İngilizce olarak yayınlanacak makale, rapor, video veya en azından sosyal medya paylaşımları bile fayda sağlayacaktır. Çünkü yabancı kişi ve kuruluşlarla temasa geçtiğinizde hakkınızda bilgi edinebilecekleri içeriklerin olması sizi daha güvenilir kılacaktır.

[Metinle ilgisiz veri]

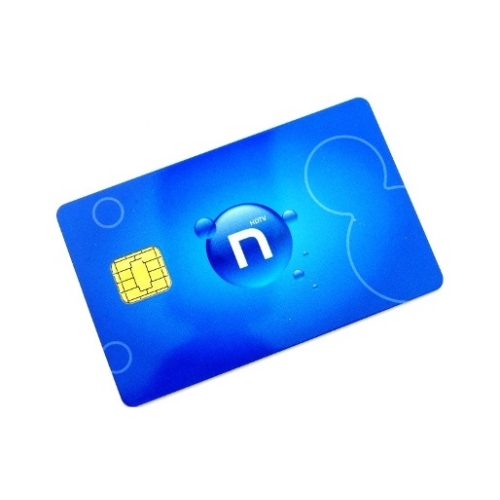 START NC+ prepaid 1 miesiąc CONAX Enigma2 / cardsplitter
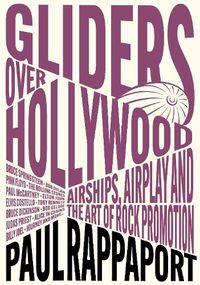 Cover image for Gliders Over Hollywood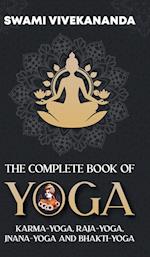 The Complete Book of Yoga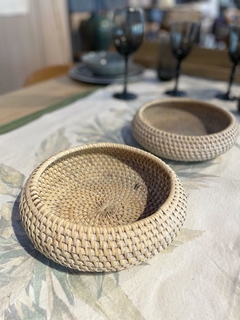 Panera rattan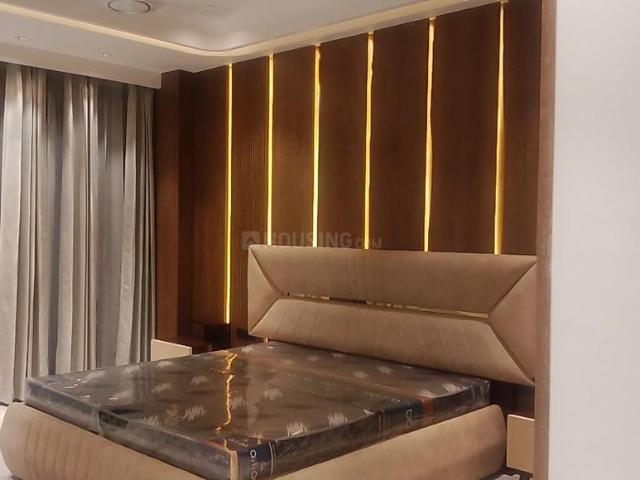 4 BHK Independent Builder Floor in Sector 50 for resale Gurgaon. The reference number is 19518750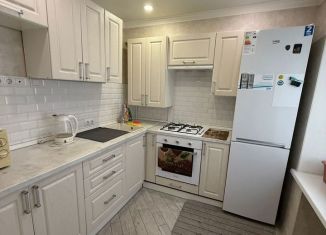 Сдача в аренду трехкомнатной квартиры, 58 м2, Калининград, улица Черняховского, 14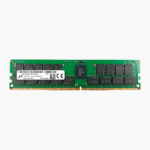 Micron 32GB DDR4-2933 ECC Registered Memory (RDIMM) (MTA36ASF4G72PZ)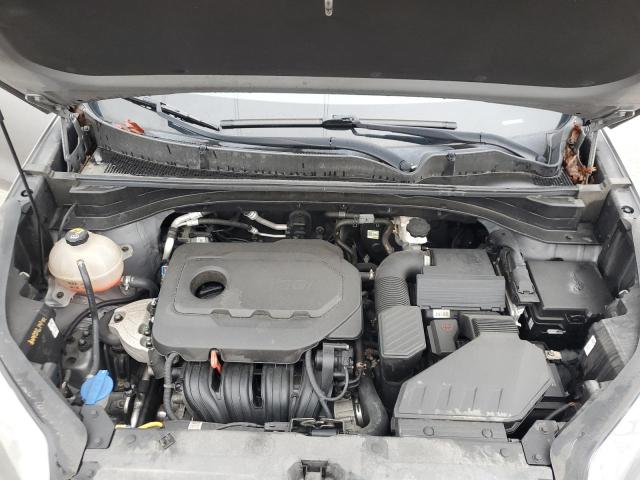 Фото 12 - KIA SPORTAGE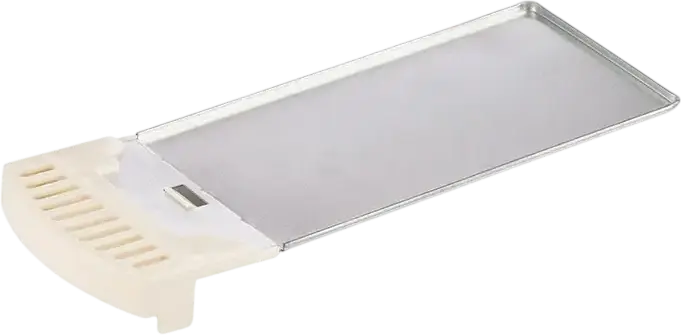 Zelmer ZTS7632F 2-Slice Toaster, 750W, 7 Browning Levels, Defrost and Reheat Functions, Cool-Touch Plastic Housing, Removable Crumb Tray, Beige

Türkiye’de son yıllarda birçok startup influencer’ları ortaya çıkmaya başladı. Fakat birkaç istisna dışında Türkçe olarak yayın yapıyorlar. Türkiye girişimcilik ekosisteminin tanınması için en önemli kişiler startup influncer’larımız. Çünkü başka ekosistemlerdeki farklı aktörlerle temas etme ve dolayısıyla en fazla sayıda zayıf bağ üretme kapasitesi influencerlar’da.
Online tanışmalar
Farklı ülkelerle iletişim geliştirmek için o ülkelerin ziyaret edilmesi, görülmesi, gezilmesi muhakkak çok değerli. Çünkü o ülkelerin kültürünün yerinde hissedilmesi ve yüz yüze temaslar ilişkilerin samimiyetini çok hızlı arttırabiliyor.

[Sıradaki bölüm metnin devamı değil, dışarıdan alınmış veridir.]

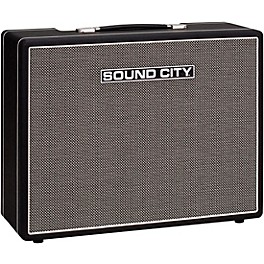 Sound City SC30 30W 1x12 Tube Guitar Combo Amp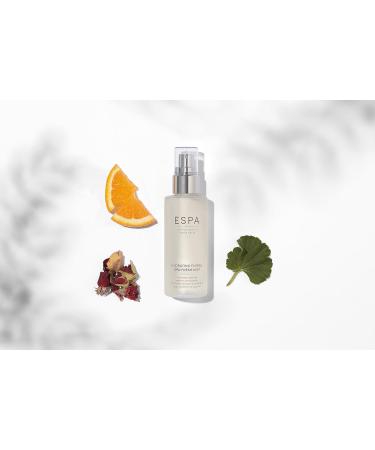 ESPA | Hydrating Floral Spa Fresh Mist | 100ml | Aromatic Toner | Menopause-Friendly - Buy Online on GoSupps.com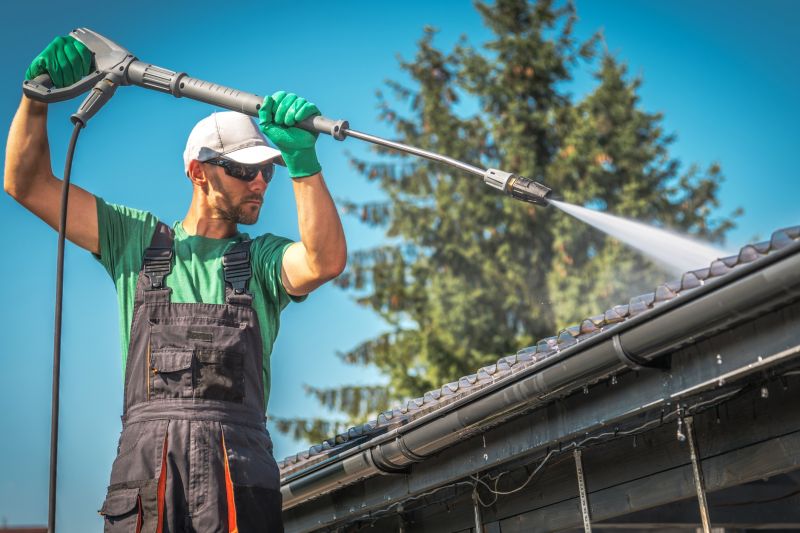 Power Washing Service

Fakat yerinde ziyaretler için bütçe ve zaman oluşturabilmek çok kolay değil. Ayrıca pandemi nedeniyle bir süredir yüz yüze görüşmeler ve ziyaretler de yapılamıyor. Bunun yerine zoom vb. online toplantı uygulamalarıyla her yere kolayca bağlanabiliyoruz. Böylece dünyanın dört bir yanındaki tanışmak istediğimiz kişilerle çok kolaylıkla görüşmek ve tanışmak mümkün. Bu fırsatlardan yararlanarak farklı ülkelerdeki bağlantılarla bol bol online görüşmeler yaparak samimiyeti ilerletebiliriz.

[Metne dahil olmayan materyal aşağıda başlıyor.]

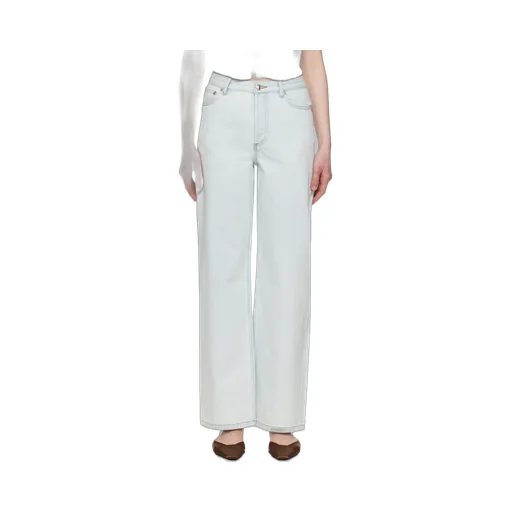 Belt Loop Jeans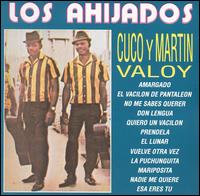 Cuco Valoy - Los Ahijados [Kubaney] lyrics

LinkedIn’den aktif yararlanmak
Sınır ötesi iş bağlantıları kurmanın en önemli araçlarından birisi LinkedIn. Sizinle bağlantısı olmayan kişiler bile, bir arkadaşınızın sizinle ilgili post’unuzu, yorumunuzu, beğeninizi görüp sizden haberdar olabiliyor. Oldukça üstel hızda artan bir tanınırlık sağlayabiliyor. Bu nedenle zayıf bağlar oluşturabilmek için en kısa vadeli çözüm LinkedIn’i çok aktif kullanmak. LinkedIn bu kadar büyük iletişim faydası sağlamasa Türkiye’nin en zengin iş adamlarından Murat Ülker işini gücünü bırakıp her hafta LinkedIn’de yazılar yazıp, paylaşımlar yapmazdı.
Sonuç
Dünya çapında başarılı bir iş yapabilmek için global olarak geniş bir ağla iletişim içinde olmaya ihtiyacımız var. Özellikle de teknoloji girişimciliği alanında bu ihtiyacı çok daha fazla hissediyoruz. Bu nedenle de Zayıf Bağlar'dan oluşan zengin bir ilişki network’üne sahip olmayı hedeflemeliyiz. Güçlü bir network’e sahip olmanın doğrudan maddi bir değeri olmasa bile bu aslında bir sosyal sermaye. Doğrudan alınan satılan bir meta değil ama birçok ticari işlemin katalizörü durumunda. Bununla birlikte bir yandan networking’e gereken önemi verirken diğer yandan da networking’e kendimizi kaptırıp ana iş görevlerimizi de aksatmamaya dikkat etmeliyiz.